Building a Clean Bartangi Language Corpus and Training Word Embeddings for Low-Resource Language Modeling
In this paper, we showcase a comprehensive end-to-end pipeline for creating a superior Bartangi language corpus and using it for training word embeddings. The critically low-resource Pamiri language of Bartangi, which is spoken in Tajikistan, has difficulties such as morphological complexity, orthographic variety, and a lack of data. In order to overcome these obstacles, we gathered a raw corpus of roughly 6,550 phrases, used the Uniparser-Morph- Bartangi morphological analyzer for linguistically accurate lemmatization, and implemented a thorough cleaning procedure to eliminate noise and ensure proper tokenization. The lemmatized corpus that results greatly lowers word sparsity and raises the standard of linguistic analysis.

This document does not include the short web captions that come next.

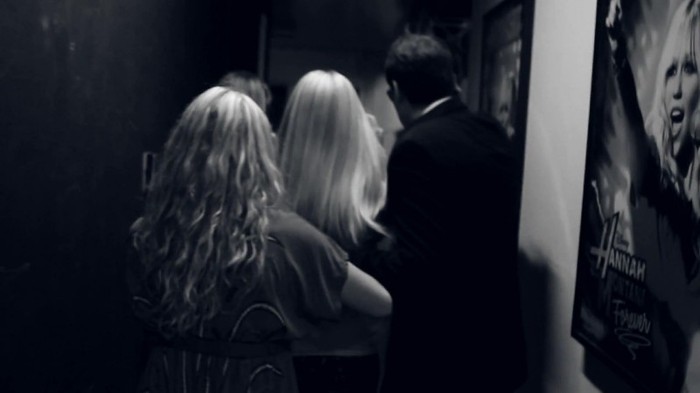 Hannah Montana - Ordinary Girl&rlm; 143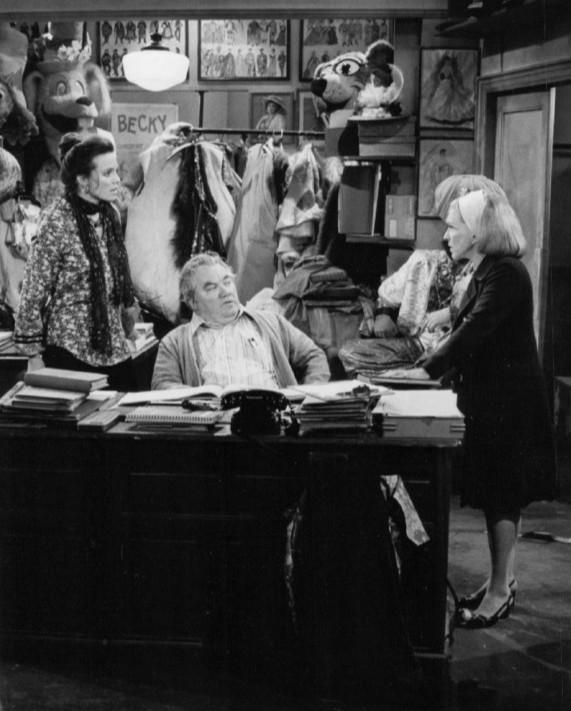 1977년 TV 시트콤 《로다》 출연 당시의 케네스 맥밀런 (중앙).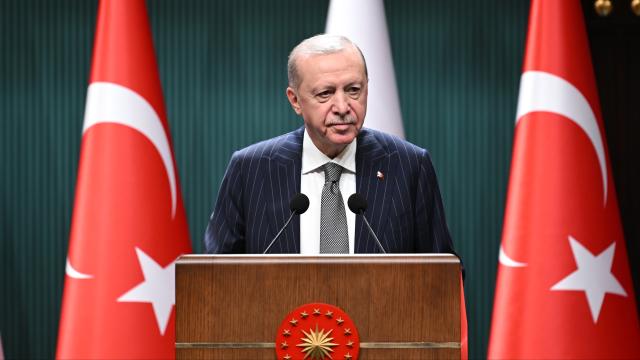 Cumhurbaşkanı Erdoğan'dan vefat eden hattat Yusuf Tavaslı için başsağlığı mesajı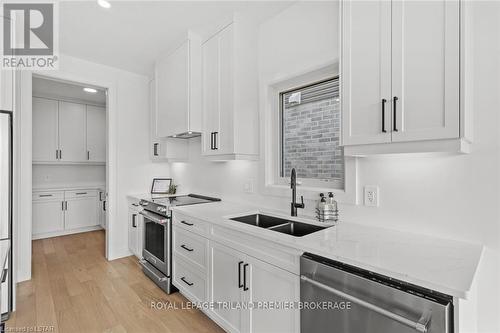 266 Hesselman Cres, London, ON - Indoor Photo Showing Kitchen With Stainless Steel Kitchen With Double Sink With Upgraded Kitchen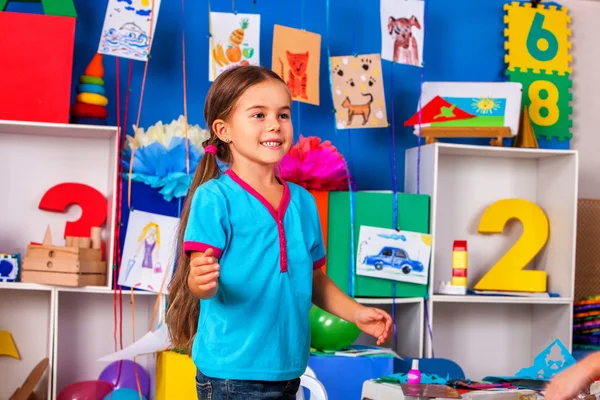 Fille jouer dans la maternelle . — Photo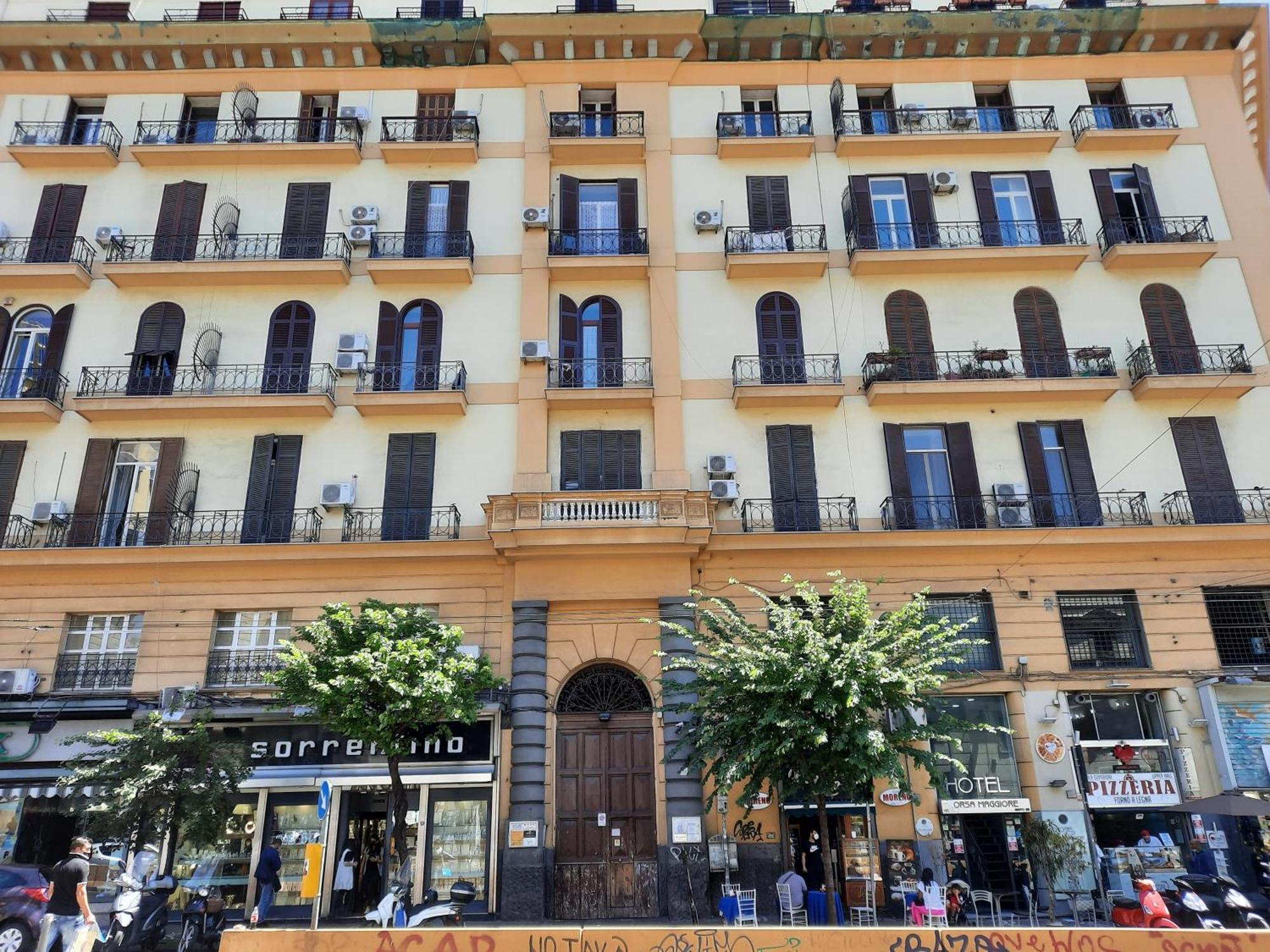 Napoli Central Bed & Breakfast *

The processed corpus was then used to train two different Word2Vec models, Skipgram and CBOW, with a vector size of 100, a context window of 5, and a minimum frequency threshold of 1. The resultant word embeddings were displayed using dimensionality reduction techniques like PCA (Pearson, 1901) and t-SNE (van der Maaten and Hinton, 2008), and assessed using intrinsic methods like nearest-neighbor similarity tests. Our tests show that even from tiny datasets, meaningful semantic representations can be obtained by combining informed morphological analysis with clean preprocessing. One of the earliest computational datasets for Bartangi, this resource serves as a vital basis for upcoming NLP tasks, such as language modeling, semantic analysis, and low-resource machine translation. To promote more research in Pamiri and other under-represented languages, we make the corpus, lemmatizer pipeline, and trained embeddings publicly available.